A very rare entry from inside the US for me. Came down to Atlanta last week to do some work for the CDC Foundation. I worked for them this past summer in Kenya, so it was interesting to see the other side of things here in the US. Spent the week interviewing and photographing scientists and researchers at the CDC labs, which are as impressive as you’d expect them to be. Thursday last week I interviewed Bernie Marcus, the co-founder of Home Depot, and a major contributor to the CDC.
But today, I spoke with Dr. Joe Boone, who had worked for the CDC for 32 years. Now he works for a science and technology company here in Atlanta as a sort of relationship manager between the CDC and the company he works for. During his time at the CDC he worked with a woman named Louise Martin – a veterinarian for the CDC who was killed in the bombing of the US embassy in Nairobi in 1998. After her death, friends and colleagues started an endowment to honor her memory, which pays the way for African girls to go to school each year. Dr. Boone has encouraged his new employer to contribute to the fund, which is managed by the CDC Foundation.

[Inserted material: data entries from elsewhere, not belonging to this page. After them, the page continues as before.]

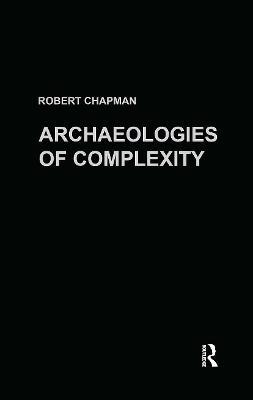 Archaeologies of Complexity - Robert Chapman - cover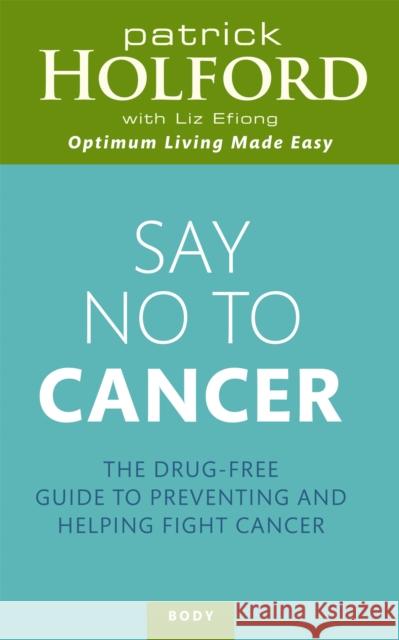 Say No To Cancer: The drug-free guide to preventing and helping fight cancer Liz Efiong 9780749954116 Little, Brown Book Group - książka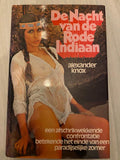 Nacht van de rode indiaan - Alexander Knox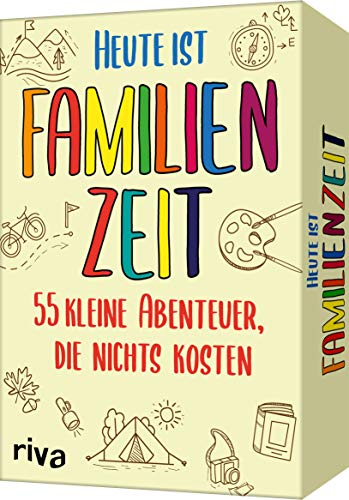 Heute ist Familienzeit: 55 kleine Abenteuer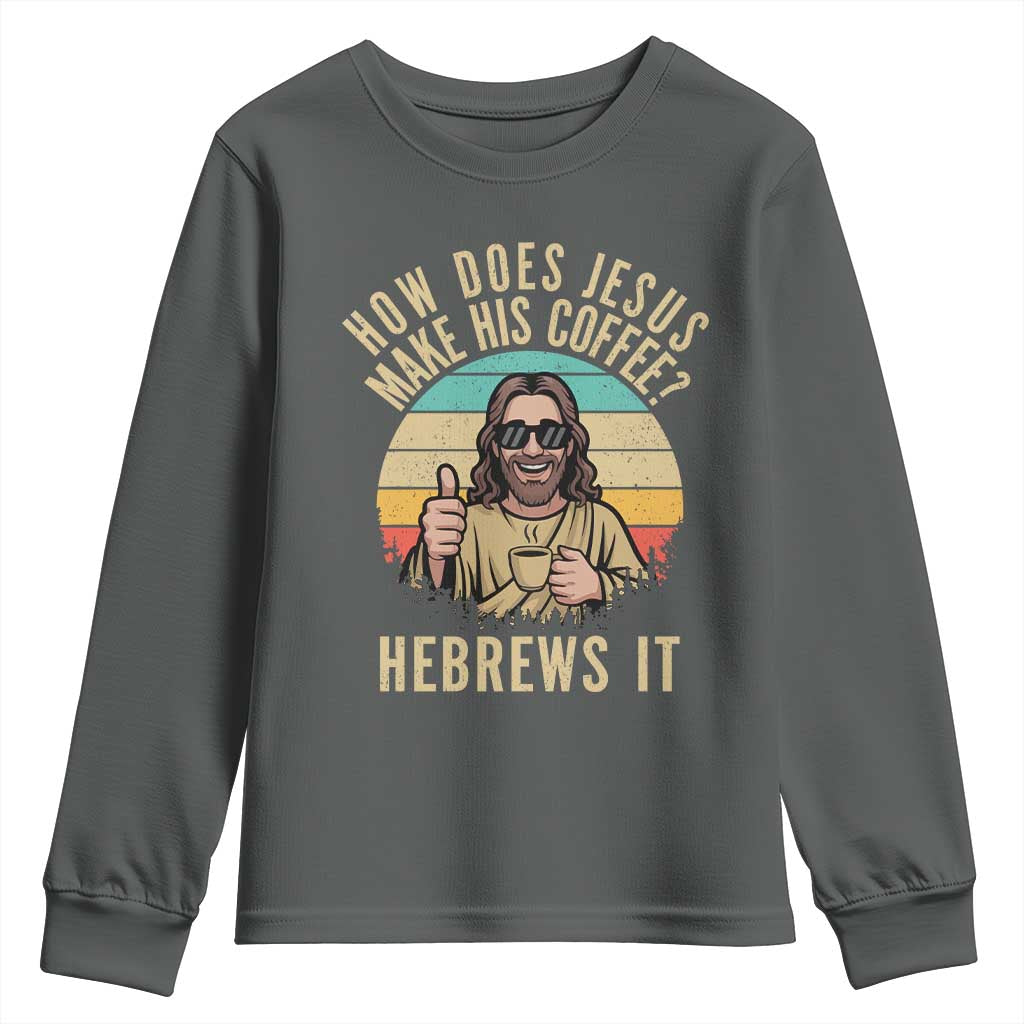 How Does Jesus Make His Coffee Hebrews It Youth Sweatshirt Funny Christian Coffee Lover Retro Sunset - Wonder Print Shop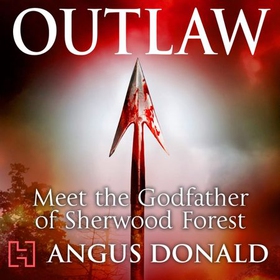 Outlaw (lydbok) av Angus Donald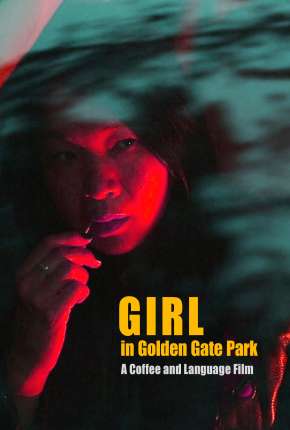 Girl in Golden Gate Park - Legendado Torrent Download Mais Baixado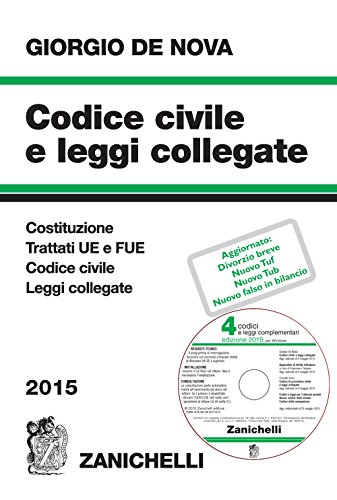 Codice civile e leggi collegate 2015. Con CD-ROM di Giorgio De Nova edito da Zanichelli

The story is interesting to me in particular because I know the girls who are going to school in Kenya thanks to the Martin Scholarship. I met them on my trip there last summer. It is, from the shiny glass and steel office buildings of down town Atlanta, one of those brief melding of your two worlds that you experience when you do this sort of work long enough – a connection to some part of what feels like another life when you leave someplace like Africa and come back to the US.